93. Fireshrine---Purity Ring
        Don't let Megan James' girly, sing-song voice fool you; Fireshrine is an admitted wierdo, powered by a glitchy, domineering beat, and violent imagery that's as lovely as it is disturbing.
92. Constant Conversations---Passion Pit
        In which Passion Pit slows down and smells the roses (spoiler alert: they smell terrible). Mid-summer seems to ooze out of the thing, proving that even a sun-soaked stroll can't keep Michael Angelakos' mind from slipping back to self-hating territory.
91. Druggys Wit Hoes Again---Schoolboy Q feat. AB Soul
         Warning: this track has no nutritional value to speak of, but you best believe it's damn delicious. Q's flow is kinetic as always, and the beat here is nothing short of monstrous.
90. Monoliths---Lotus Plaza***
         Monoliths shoots for the stars, all crashing drums and endlessly ascending guitars. It juxtaposes the enormous and the intimate in a way that few songs can.
89. Leader of the Pack---Sleigh Bells
         Sleigh Bells' 2012 LP, Reign of Terror, wholly failed to live up to its name, watering down the chaos of their debut for something a touch more user-friendly. Leader isn't the best song because it reinstates old philosophies; it's the track that blends the two styles with the most savvy and emotion, alluding to promising future directions for the duo.
88. Breezeblocks---Alt-J
         Much of Alt-J's appeal is in sparseness. Not so on Breezeblocks, a track that rides the momentum of Joe Newman's finest vocal performance to date into a swirling, multi-layered outro.
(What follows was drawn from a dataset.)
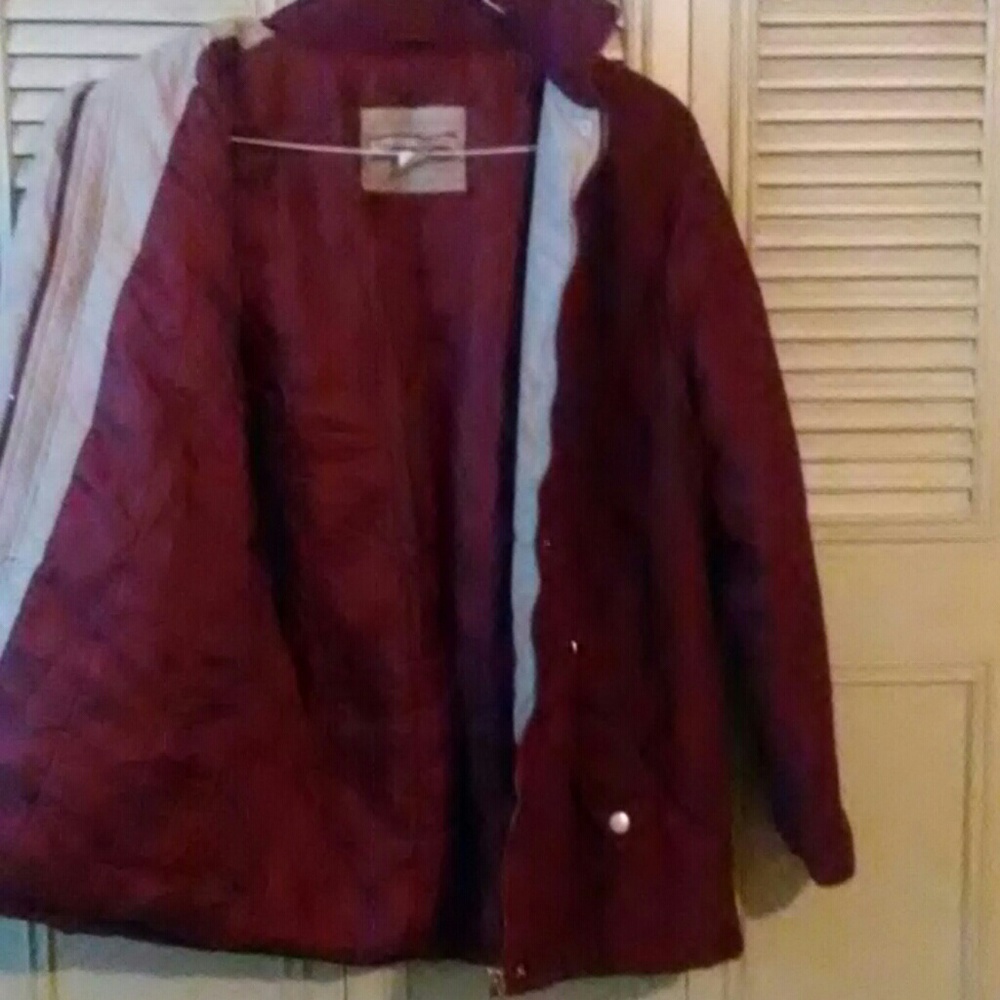 Red jacket - Picture 3 of 4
87. Thank God for Sinners---Ty Segall
        Like sin itself, the pleasures of this Twins stand-out are downright primal: Absolutely punishing guitar work from front to back, pounding drums, and Segall's big wet kiss to all things wrong.
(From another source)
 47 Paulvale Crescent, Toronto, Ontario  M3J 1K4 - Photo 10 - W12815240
86. Night Swim---Frankie Rose***
        A sleek, sexy, nocturnal guitar jam, all cast in a gorgeous night-time dark blue. All of Interstellar is this pretty, but NS stands out by adding speed and fun into the equation.
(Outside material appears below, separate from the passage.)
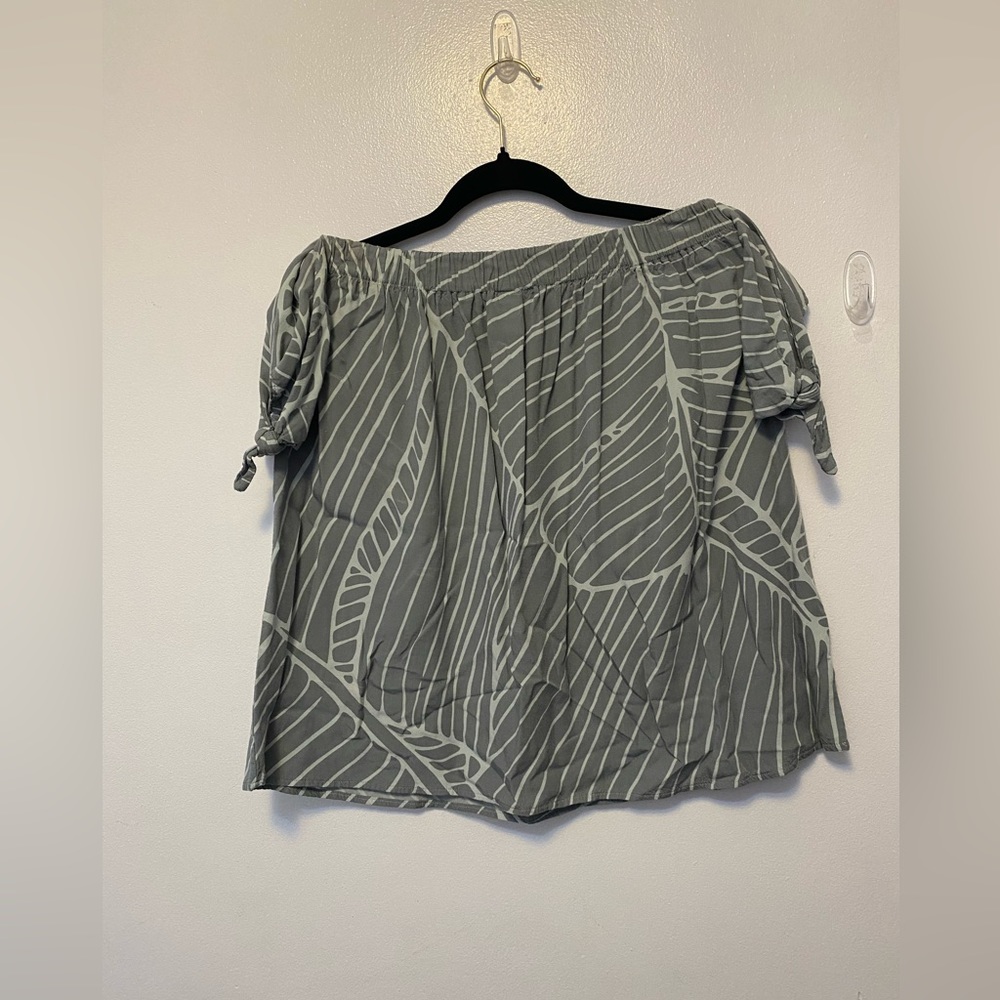 COPY - Kamea Designs Hawaiian Print Blouse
        DIIV doesn't really make too much of a fuss. Their songs are streamlined, simple, intrinsic, and immediate. How Long Have You Known synthesizes all of their strengths into one three-and-a-half minute burst, twinkling melodies and earworm mastery on full display.
84. Hey Jane---Spiritualized
        Jason Pierce is a firm believer that bigger truly is better, and one needs look no further than Hey Jane for irrefutable evidence. The proper opener on his 2012 disc lasts a towering nine minutes, ebbing and flowing, shrinking and growing within its colossal frame.
83. Fire's Highway---Japandroids***
         Celebration Rock has ruckus and mad-cap fret work in spades, but pure, front-and-center hooks can be a bit hard to find. Then there's Fire's Highway, a track that tones down the anarchic rocking by just a hair and doubles the pure songwriting pleasure in the process.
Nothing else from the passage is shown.